One of the most understudied aspects of the American Civil War is how it played out overseas. In regards to Antietam and the Maryland Campaign in particular, the strategic impact that battles had on international affairs is blatantly clear. One of my favorite quotes about Antietam comes from George Stevens, a surgeon with the 77th New York. When describing the Antietam landscape after the war, Stevens could not fathom how such a peaceful place became the scene of "one of the grand battles which would decide the march of events in the history, not only of our own country, but of the world...."

One of the books in my possession that I value quite highly is a volume of the Messages and Papers of the Confederacy. There is a treasure trove of information in this book, and a good deal of it has to do with diplomatic affairs during 1862. One of the letters that stood out quite dramatically when I was reading through this volume the other day is an exchange between Confederate diplomat James M. Mason and Confederate Secretary of State Judah Benjamin. On September 18, the day following Antietam, Mason wrote to Benjamin to apprise him of the effect that the Confederate successes of 1862 were having in Europe. The following is a portion of that letter:


I have heard from one or two accredited quarters that this question (recognition) is again to come under the consideration of the British Cabinet in October, and the same report has reached Mr. Slidell.

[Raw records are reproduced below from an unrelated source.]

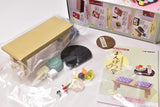 Petit Sample Series Japanese sweets shop [8.Anmitsu]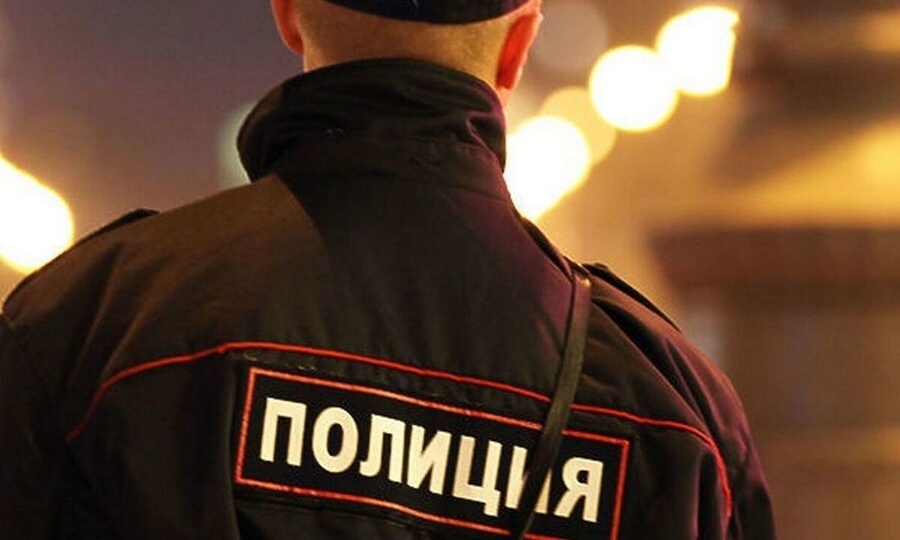 МЛАДЕНЦА НАШЛИ В ПАКЕТЕ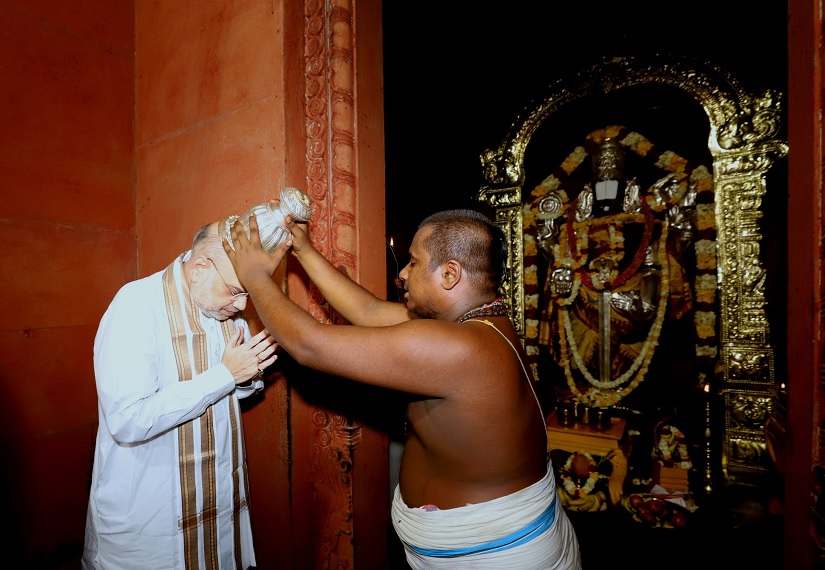 मेहंदीपुर बालाजी की महिमा - Mehandipur Balaji Mandir | सनातन रूल्स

In this posture of affairs, I can but hope that the reconsideration of the British Cabinet is brought about at the instance of the Emperor (Napoleon III, Emperor of France); and if this is so, I have little doubt that a favorable response will be strongly pressed upon it by him.

There is no doubt but the Emperor is both willing and anxious to recognize our independence, and seems so to declare himself without reserve. I had a note the other day from an English gentleman of high position, who told me that he had just seen the Emperor at Chalons, and who told him in conversation that he was, and had been for some time, ready to recognize us, and spoke rather impatiently of the opposite disposition of the British Government....

We are all much cheered and elated here at the signal successes of our arms in the series of battles reported from the Rappahanock to the Potomac lines opposite Washington, followed up by an arrival yesterday announcing that our forces had crossed into Maryland. We have only the Northern accounts, but even they are full to show that our victories have been complete, and the enemy both routed and disorganized. At this distance, and without the power to aid, I am filled with emotions of gratitude to those by whose counsels and whose courage such great events have been brought about. I look with renewed confidence to the effect which they must produce on the pending decision of the Emperor as to recognition.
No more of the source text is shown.